- Opening Delimiter -

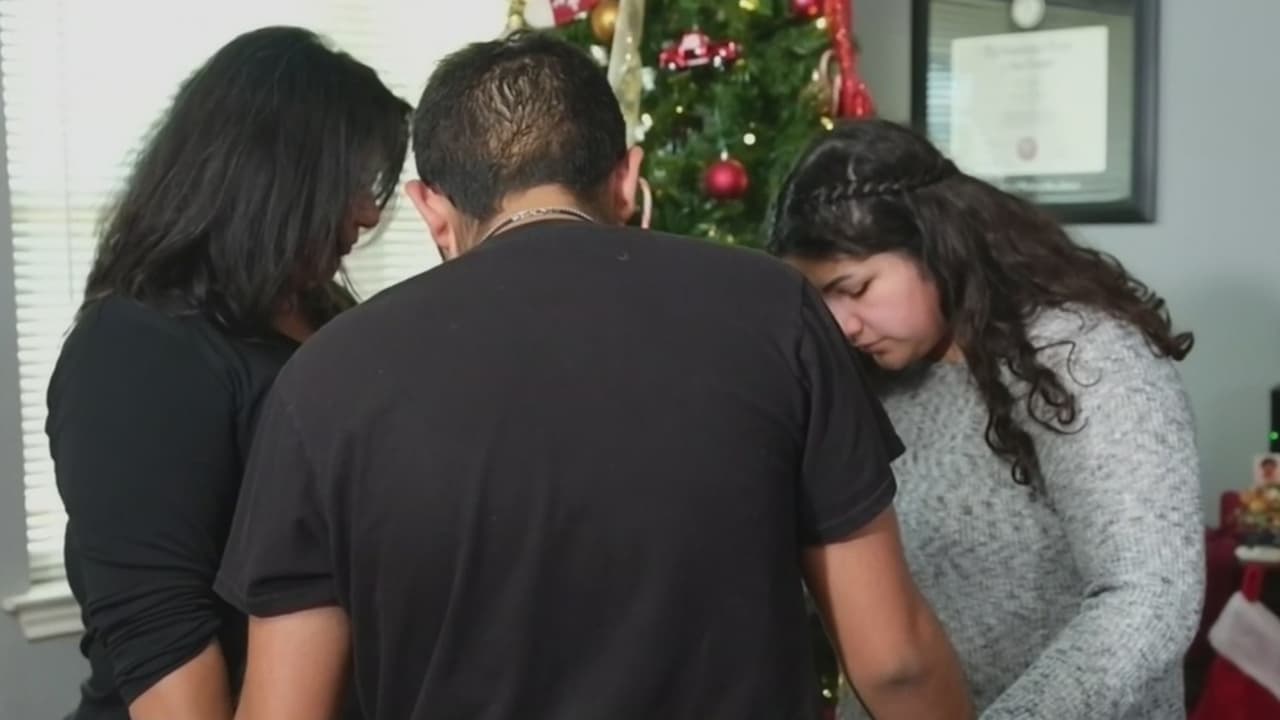 <b>El dolor de unos hijos al decorar el árbol de Navidad sin su madre, quien murió de covid-19</b>
<br>
<br>María Luisa García, conocida como Doña Lechita, murió a los 73 por covid-19. Sus hijos hoy la recuerdan entre alegría por ser una madre optimista que les dio mucho amor y dolor por su pérdida.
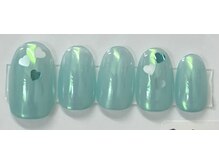 ネイルサロン ピーアンドビー(P&B)/3月月替わりデザイン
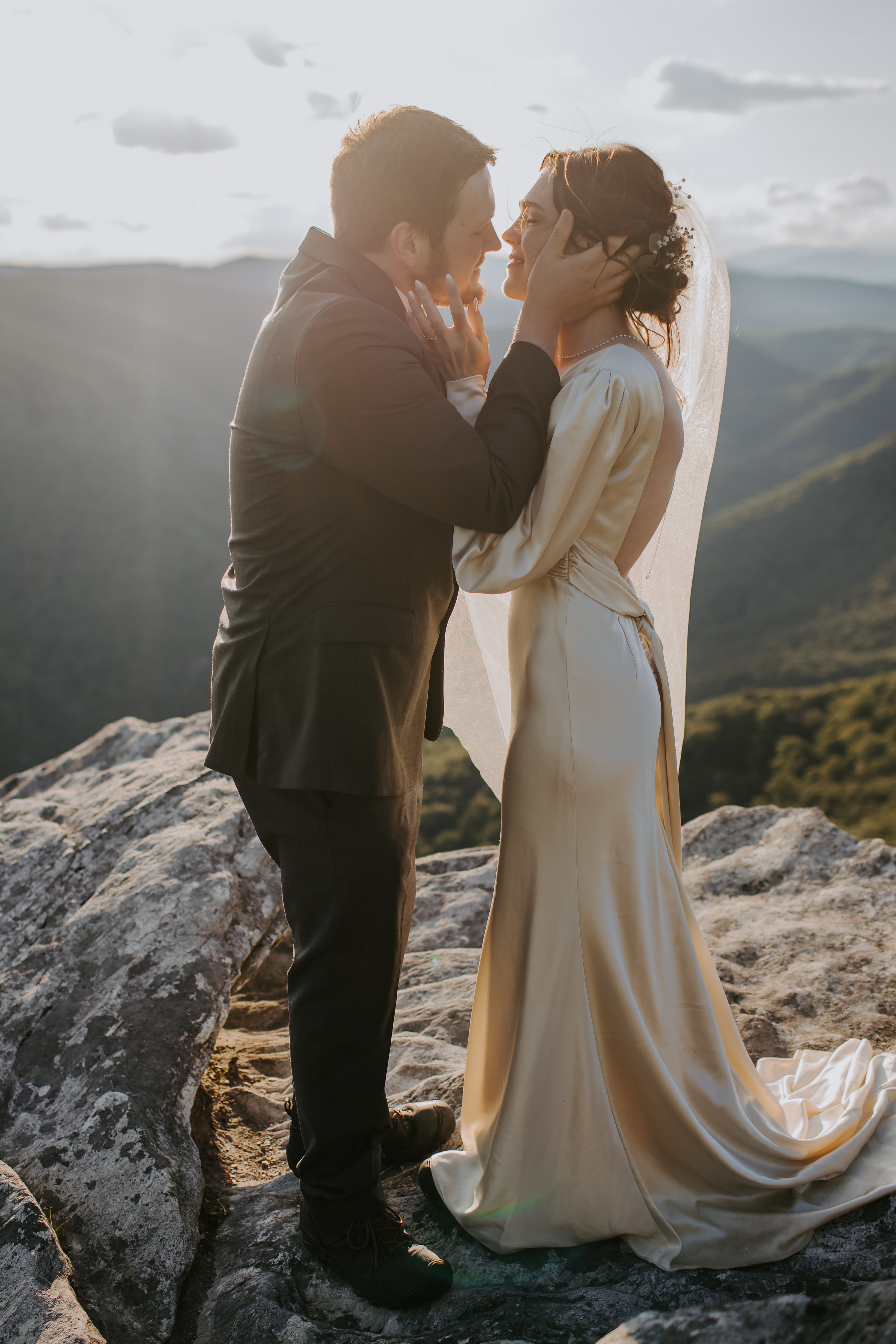 Example Shoot Title Tag North Carolina Elopement,North Carolina Photographer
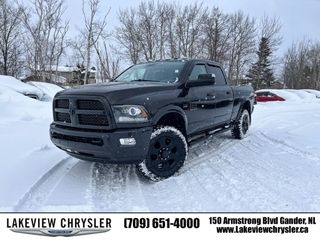 2017 Ram 2500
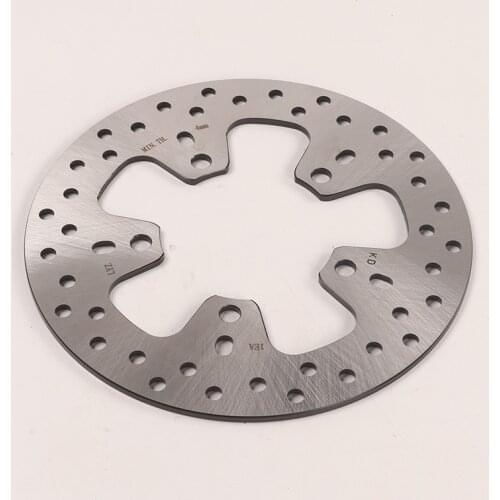 Motorcycle Brake Pad Friction of Front and Rear Disc Discs for Kiden Kd150-u / G1 G2 U1 Z2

- Closing Delimiter -

→ **Required work**:
Reproduce every line of the material precisely, omitting its pictures.

→ **Output**:
 <b>El dolor de unos hijos al decorar el árbol de Navidad sin su madre, quien murió de covid-19</b>
<br>
<br>María Luisa García, conocida como Doña Lechita, murió a los 73 por covid-19. Sus hijos hoy la recuerdan entre alegría por ser una madre optimista que les dio mucho amor y dolor por su pérdida.
 ネイルサロン ピーアンドビー(P&B)/3月月替わりデザイン
 Example Shoot Title Tag North Carolina Elopement,North Carolina Photographer
 2017 Ram 2500
 Motorcycle Brake Pad Friction of Front and Rear Disc Discs for Kiden Kd150-u / G1 G2 U1 Z2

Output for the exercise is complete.